Jonathan Coleman is currently the Erasmus Smith’s Professor of Natural and Experimental Philosophy (1724) in the School of Physics and a PI in the CRANN and AMBER research centres. He graduated with First Class Honours and a Gold Medal in Physics in 1995 and completed a PhD in Physics in TCD in 1999, working in the research group of Werner Blau. After completing a HEA funded postdoc, he became a junior lecturer in 2001, rising to the Chair of Chemical Physics in 2011. He was appointed to his current position in 2022. Prof Coleman’s area of interest is in solution processing of nano-materials, predominately carbon nanotubes, nanowires and 2D nanosheets such as graphene. He is most well-known for developing Liquid Phase Exfoliation, a versatile and widely used method for preparing 2D materials. These solution processing methods allow the formation of dispersions, suspensions and solutions of nanostructures and facilitate the production of coatings, thin films and composites.
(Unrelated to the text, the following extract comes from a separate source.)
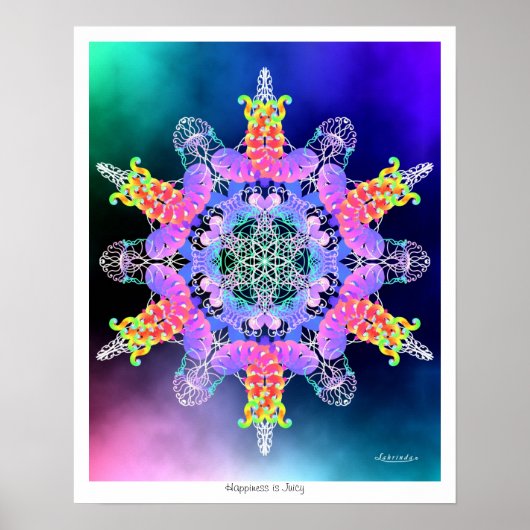 Glück ist Juicy Poster (Vorne)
Coleman works on applying these materials and methods in a number of areas including electro-mechanical sensors, printed electronics and energy storage materials. In the latter area, he has particular interest in new electrode materials for lithium-ion batteries, battery electrode architectures and the factors limiting rate performance in batteries. Prof Coleman has been involved in a number of industry-academic collaborative projects with companies including Hewlett-Packard, Intel, SAB Miller, Nokia-Bell Labs and Thomas Swan.

About the Moderator:


Dr Shane Bergin is a physicist and an Assistant Professor in science education at the UCD School of Education. Shane’s research interests include informal science learning, education policy development, and public engagement in science. Shane is well known for Quavers to Quadratics – an informal education programme he created with the National Concert Hall. It sees children play with ideas common to science and music. Since 2014, over 10,000 children have taken part with their play led by undergraduate students from UCD and Trinity. Shane is a regular contributor to Irish radio with science slots on RTE’s Today with Claire Byrne and Newstalk’s Futureproof. He’s also written science books for children, including Peigi’s Adventures in Science that introduces science and ideas of social justice to young readers. In 2023, Shane received the Leonardo da Vinci Award for his public engagement work – most notably for his podcast (The Trust Race) exploring public trust in science.